Тит и Сема простились как-то сконфуженно и неловко.
Далеко по полю бежал к нам Кузярь и махал рукой. Но когда возы тронулись и мы с отцом и матерью пошли вслед за ними, Кузярь остановился как вкопанный и растерянно посмотрел нам вслед. Потом повернулся и так же быстро побежал обратно, болтая головой из стороны в сторону.
Я уже знал, что если он бежит и головой болтает, значит, плачет обиженно.
Шагая по дороге, мы часто оглядывались и до самых Ключей видели, как стояли все наши у столба и смотрели нам вслед.

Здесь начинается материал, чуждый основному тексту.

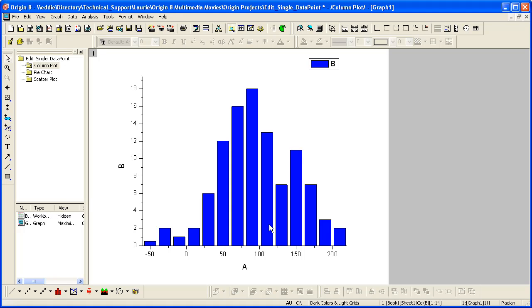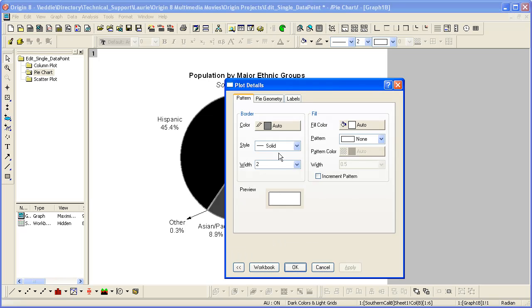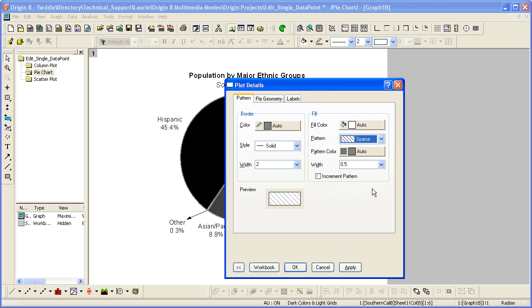Another graph type where the editing of a single point is useful is a pie chart. Again, the trick is just to hold down the control key while double clicking on one of the slices. We can then set a pattern for that particular slice.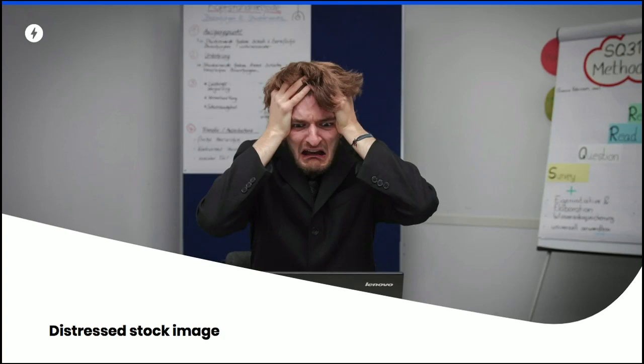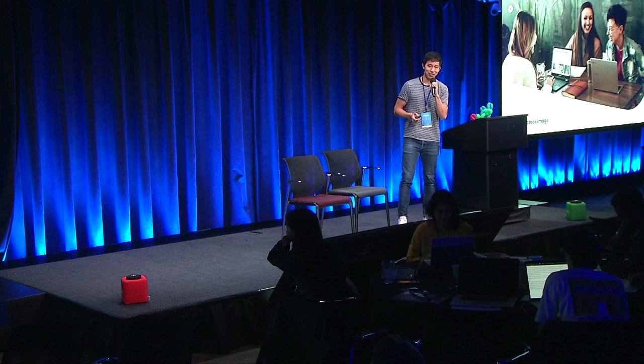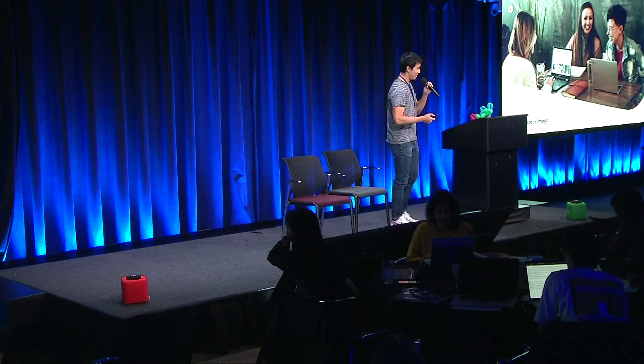With these tips in mind, hopefully you won't feel like the distressed person I found in a stock image. Hopefully this will be how you feel — happy stock image. That's all I had. Thanks for listening. Hopefully it was useful.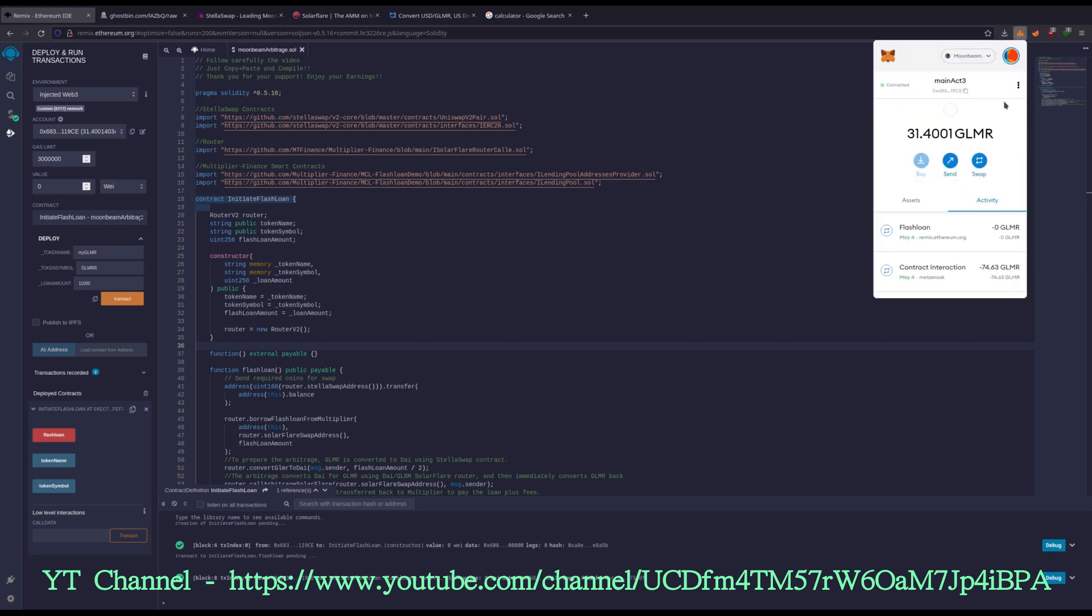Okay. And like I said, it takes 30 seconds to a minute-ish and shouldn't be much longer, but it's pretty amazing whenever it, boom, 459. So we went 100 to 459, like 109, 115. That's what I started with.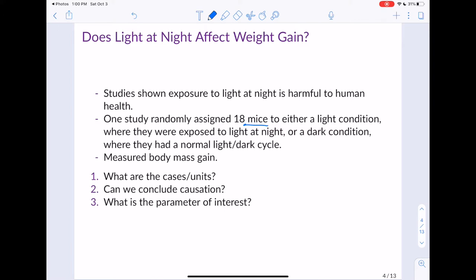The next question is: can we conclude causation? In this class, we've said causation comes from random assignment, which occurs in a randomized experiment. Looking at the study description, we see that the mice were randomly assigned, so that means we can conclude causation. If we find a difference in weight gain between these two conditions, we can conclude that the condition caused the weight gain — it's not just an association, it's a causal relationship.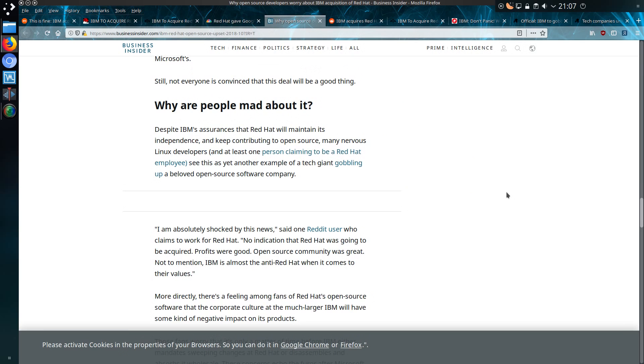So why would people be mad about it? Despite IBM's assurances that Red Hat will maintain its independence and keep contributing to open source, many nervous Linux developers see it as yet another example of a tech giant gobbling up a beloved open source software company. Yes, that is a very good point.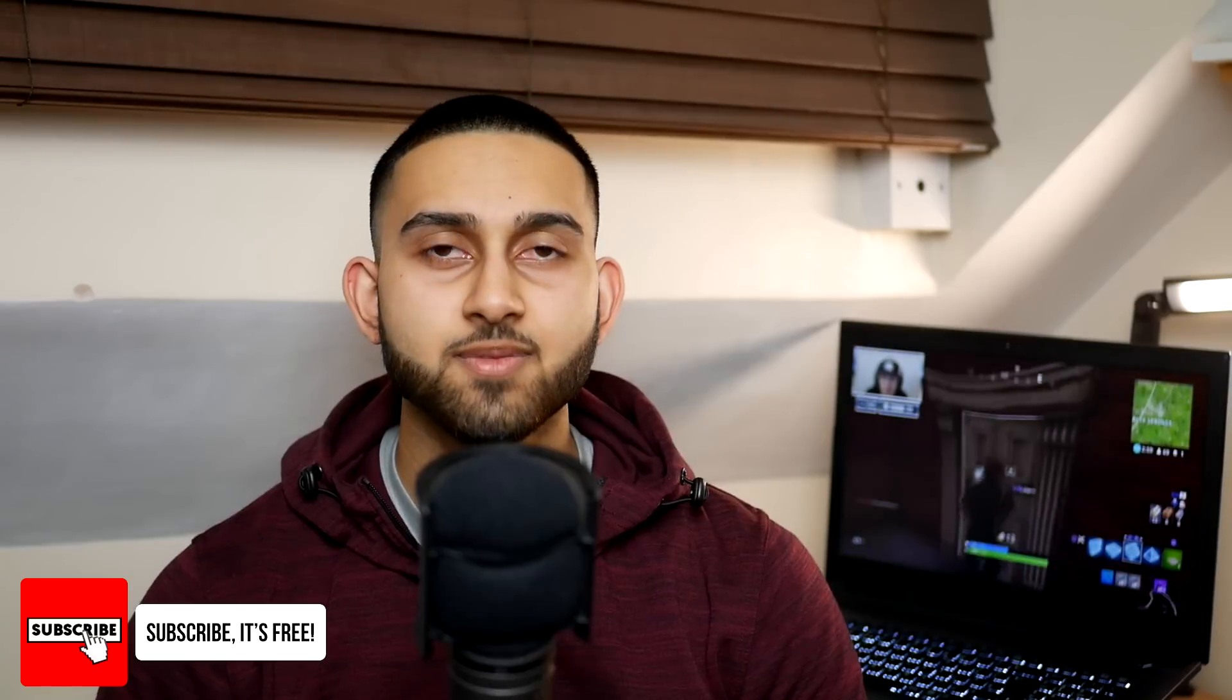But that is it for this tutorial. Hopefully this has been useful for you. If you want me to make another tutorial on how to livestream Fortnite on YouTube, let me know in the comments below.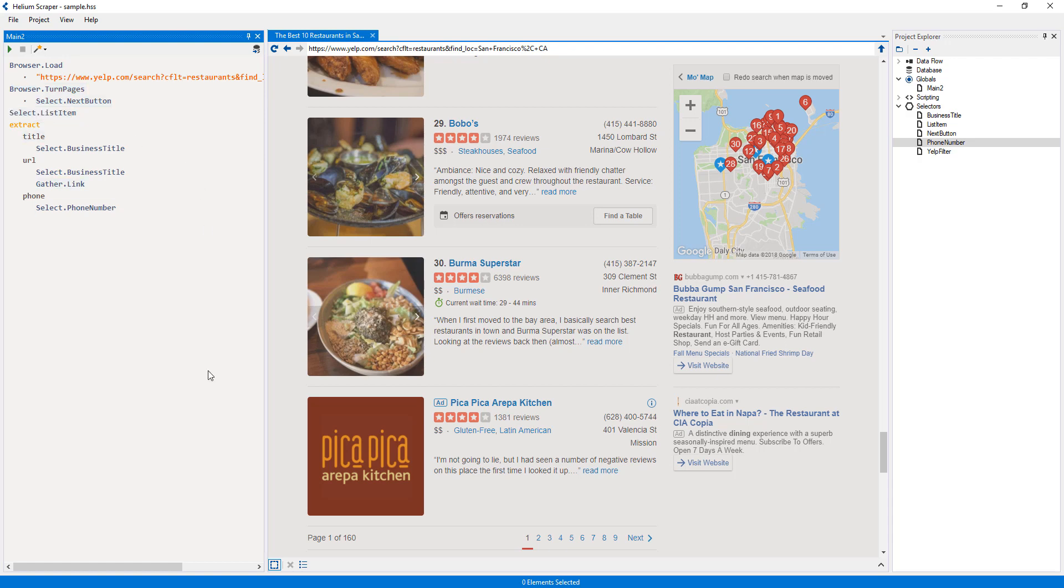Finally, there are actions that keep the previous state as is and are just used for the value they produce. For instance, all the gathering actions, such as gather link, will leave the state produced by the action above untouched and output a value, which in this case is the target URL of the title.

Столбовая дорога, широкая, накатанная, с бесчисленными старыми кольями, заросшими травой, шла в Саратов, к Волге. Деревня наша уже скрылась за холмами, но долго еще видна была верхушка колоколенки с блестящим шпицем да маячил в лиловой дымке Красный Map. Так началась наша новая жизнь.
Мне было очень больно и жалко расставаться с деревней, где я оставил что-то бесконечно дорогое. Что ожидает меня в будущем в этом далеком, неведомом краю?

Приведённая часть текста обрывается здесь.